SPI YNAO Arctic Research Center, Salekhard
ORNITOMORPHIC IDOL ON ENEOLITHIC CERAMICS (WEST SIBERIAN POLAR REGION)
Unlike other known sites of the Neolithic-Bronze Age period in Western Siberia the Eneolithic settlement Gorny Samotnel - I was quite rich in sculptured images on ceramics. These included numerous 3D images of fur animals, owls, waterfowl and partridges, bears, elks, one wolf and a seal [Tupakhina, 2012. P. 161-165; 2016. P. 204-211]. A separate series was made up of human images in the form of faces, or in one case a figure embracing a carinated vessel. The images were readily recognizable with the exception of the strongly reduced ones, and were made in the high relief style. Of a particular interest in this connection was a fragment of a vessel collar with a low relief figure of a mythological creature, the so-called ornitomorphic idol. A massive body of the figure was crowned with a semblance of a head. The arms were stretched horizontally and bent in the elbows pointing down. The space between the arms and the body was ornamented with the impressions of small semi-circular stamp with a sharp working edge. It may be assumed that these impressions represented the bird's feathers. The lower part of the figure was missing, only a small fragment of the right leg was in place. The height of the preserved part of the sculpture was 5.6 cm, the width – 5.2 cm, the height from the wall of the vessel – 0.4 cm. The sculpture of the vessel apparently was not unique, it would have been logical to assume the existence of similar images along the length of the collar perimeter.
The very fact of the discovery of a unique image of the Eneolithic (the end of the 4th-3rd millennium BC) in the West Siberian Polar region posed many questions. In Western Siberia this type of images in the form of bronze and iron cast items was characteristic for the later periods - Early Iron Age and the Middle Ages. V.N Chernetsov in his analysis of the ancient rock images of the Ural drew attention to the birds drawings in heraldic attitudes, which was similar to the ornitomorphic bronze idols' attitudes [Chernetsov, 1971. P. 79]. The silhouette similarity in the cast items was identified in the Itkul culture sites in the highland-forest Trans-Ural [Victorova, 2002. P. 90, Fig. 1]. We may also add to this group the graphic images of the bicorn anthropomorphic creatures in the Ural petroglyphs [Chirokov, Chairkin, 2011. P. 134. Fig. 106] and on the Ayat culture ceramics dated as the Eneolith-Bronze Age period (3rd-2nd millennium BC) [Ibid. P. 130. Fig. 101]. On the earlier periods items from the neighboring territories the population of which could have participated in the formation of the Gorny Samotnel culture, no like images have been found. Thus it may be preliminarily presumed that the appearance of an ornitomorphic idol on the Eneolithic settlement ceramics in the West Siberian Polar region was a local tradition.

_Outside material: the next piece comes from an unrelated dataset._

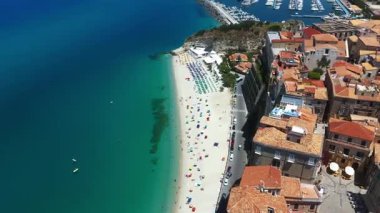 Tropea 'nın pitoresk kasabasını ele geçiren İHA Güney İtalya' daki Calabria 'daki Tyrhenian Denizi' ne bakan bir uçuruma tünemişti.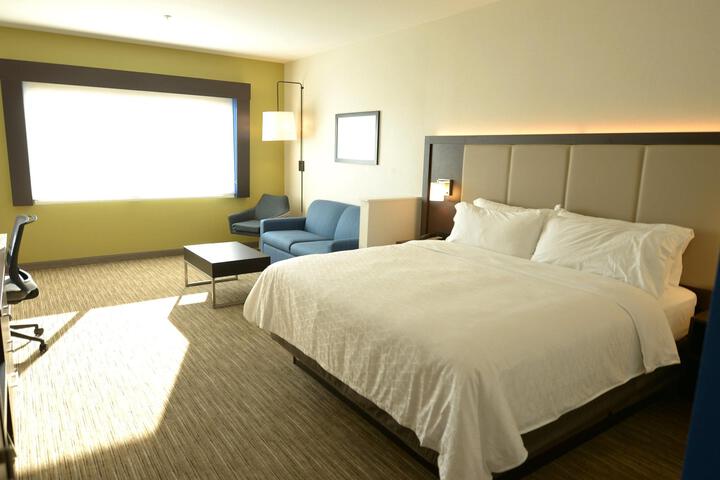 1 King Suite (3 of 10)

Victorova V.D. Reasons for the appearance of faces on ornitomorphic images // Ural Historical Jornal. 2002. – № 8. – PP. 74-92.
Tupakhina O.S. Modeled clay figures of Gorny Samotnel - I settlement // Archeology of the Arctic. International conference. Papers.) G. Salekahrd, 27-30 November 2012. – Ekaterinburg: "Delovaya Pressa" Publishing House, 2012. – PP. 161-165.

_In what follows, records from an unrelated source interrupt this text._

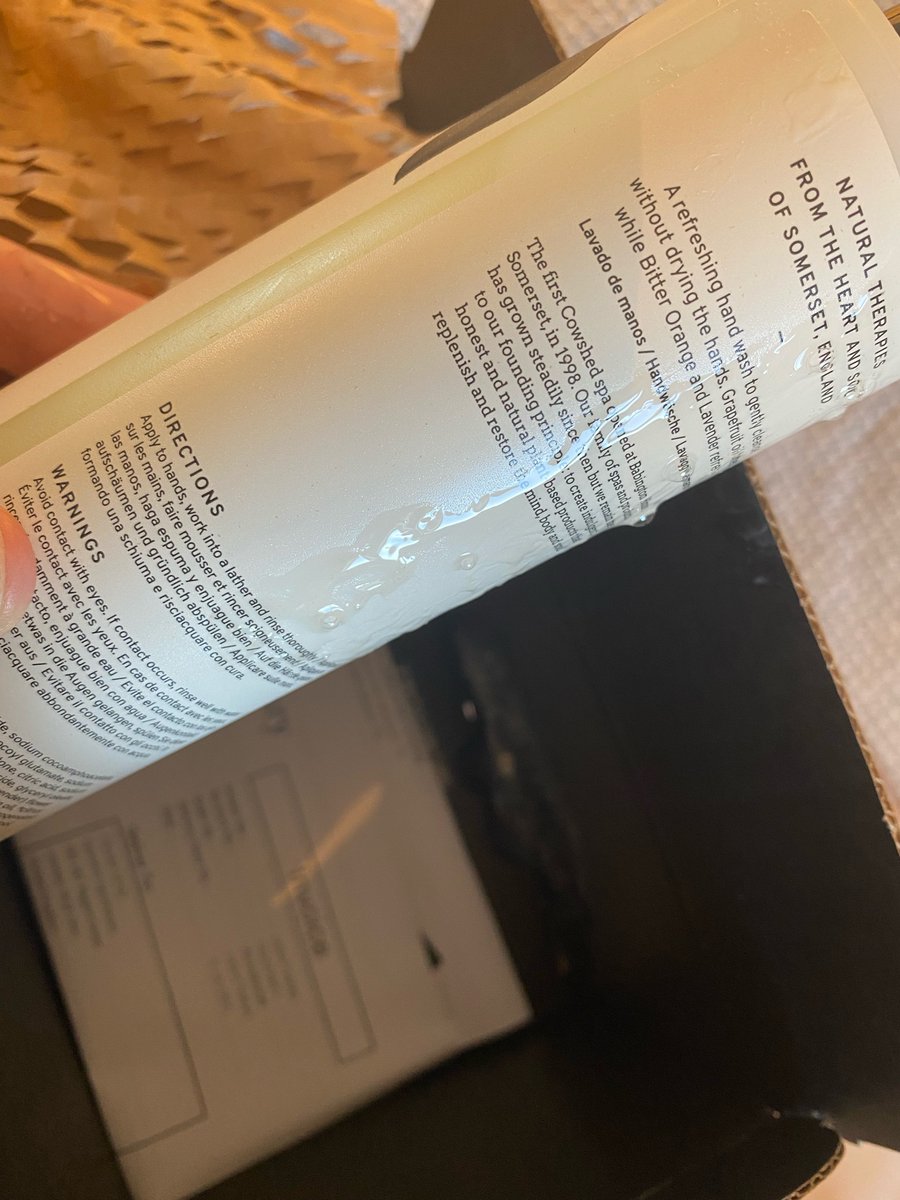 claudiasmith56's tweet photo. @Space_NK order no WK23800299 which I picked up from store has leaked everywhere the cap wasn’t screwed on correctly? ☹️ https://t.co/tnEa3I8wGp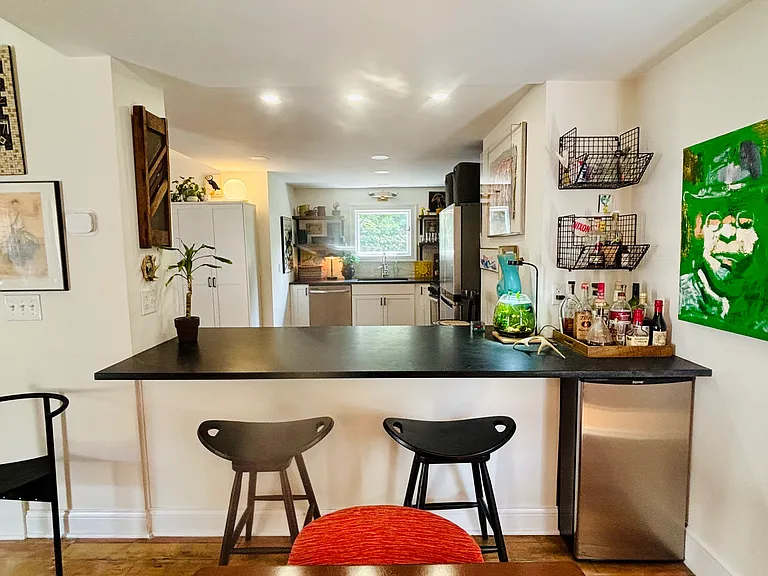 843 College Ave — Photo 8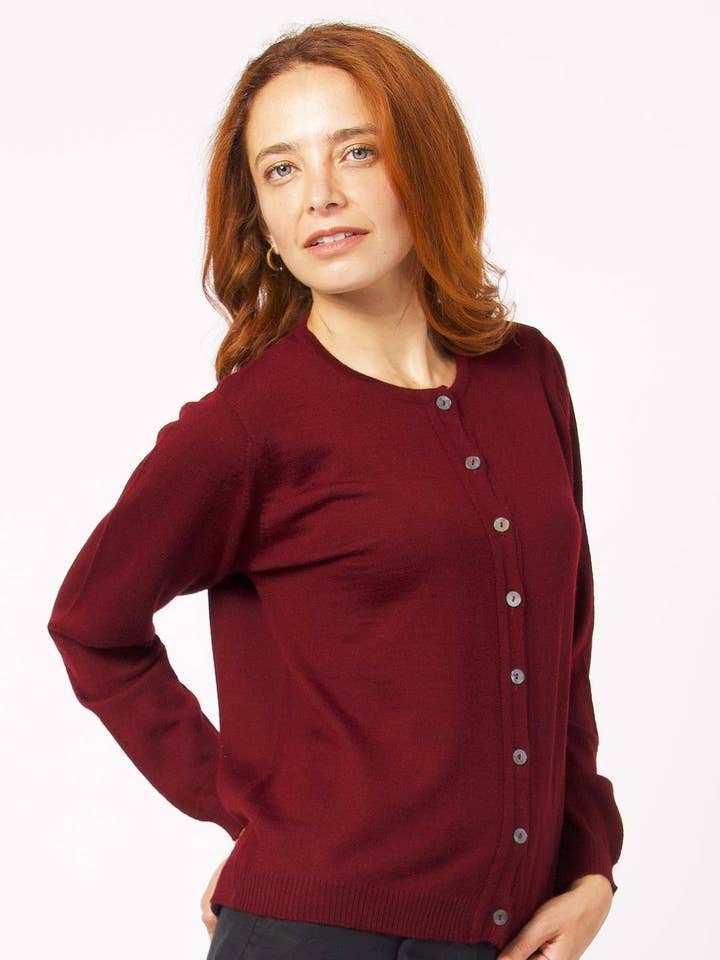 Rundhalset Merinouldsjakke for engroshandel hos Achega Knitwear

Tupakhina O.S. Bird images on ceramic pottery of the Eneolithic in the North of Western Siberia - based on Gorny Samotnel - I materials // Archeology of the Arctic. – Kaliningrad: P.H. "ROS-DOAFK", 2016. – Issue 3. – PP. 204-211.
Chernetsov V. N. Rock drawing of the Ural. – M.: Nauka, 1971. – 148 p.
Shirokov V.N., Chairkin S.E. Petroglyphs of the North and the Middle Ural. – Ekaterinburg: 2011. – 182 p.